Rubber Bullets Are Anything but “Nonlethal.” They Should Be Banned.
US police have used rubber bullets against civilian protesters on a massive scale the past week. These projectiles actually originated in Northern Ireland — and their history is anything but "nonlethal." There can be no justification for police use of rubber bullets.

An officer from the Northern Ireland police force, the Royal Ulster Constabulary (RUC), opens fire using plastic bullets during protests in 1981.
As part of their violent clampdown on protests against racism and police brutality, US police forces have been routinely firing rubber bullets at unarmed demonstrators, from Minneapolis to Los Angeles, Phoenix to Nashville.

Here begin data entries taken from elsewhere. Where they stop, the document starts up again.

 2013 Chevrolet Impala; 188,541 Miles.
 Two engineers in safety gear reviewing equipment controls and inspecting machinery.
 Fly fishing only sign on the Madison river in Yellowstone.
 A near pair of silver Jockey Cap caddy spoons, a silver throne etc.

These so-called nonlethal or less lethal weapons have become a standard tool of US policing, along with tear gas and pepper spray, used freely against protesters and journalists alike.

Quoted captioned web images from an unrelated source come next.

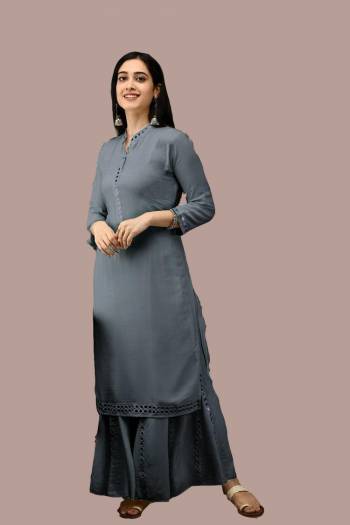 Simple and Elegant Looking Readymade Pair Of Kurti And Plazzo Is Here In Grey Color, This Pretty Pair Is Fabricated On Rayon Beautified With Mirror Work, Also It Is Available In All Regular Sizes.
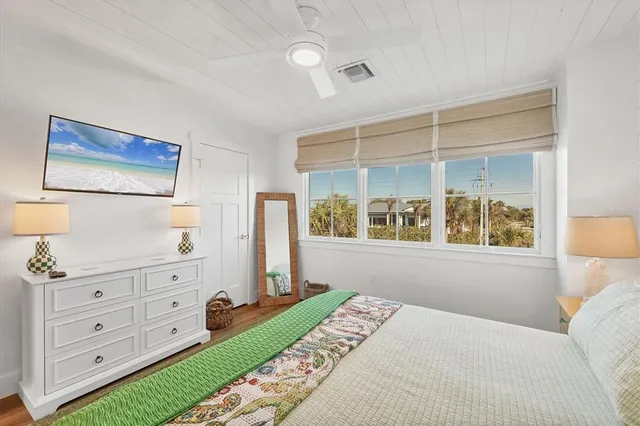 a bedroom with a bed and a dresser next to a window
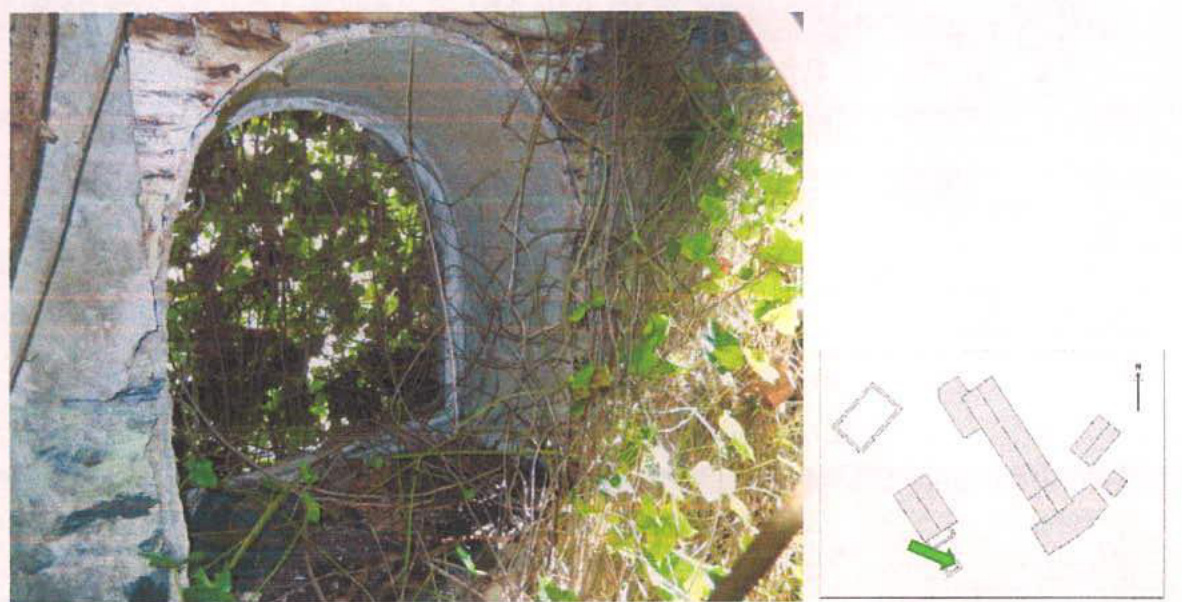 A composite document page featuring a close-up photograph of a dilapidated stone archway overgrown with vegetation on the left, and a small block plan showing building footprints on the right.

It’s not just the United States, either. French riot police used the projectiles on a huge scale in their response to the “yellow vests” protest movement. By May 2019, police violence had blinded twenty-four people and left 283 more with head injuries, most of which were caused by rubber bullets.
This will come as no surprise to people in Northern Ireland, the world’s first laboratory for the use of rubber and plastic bullets. During the Troubles, these supposedly “nonlethal” weapons killed seventeen people, including eight children between the ages of ten and fifteen.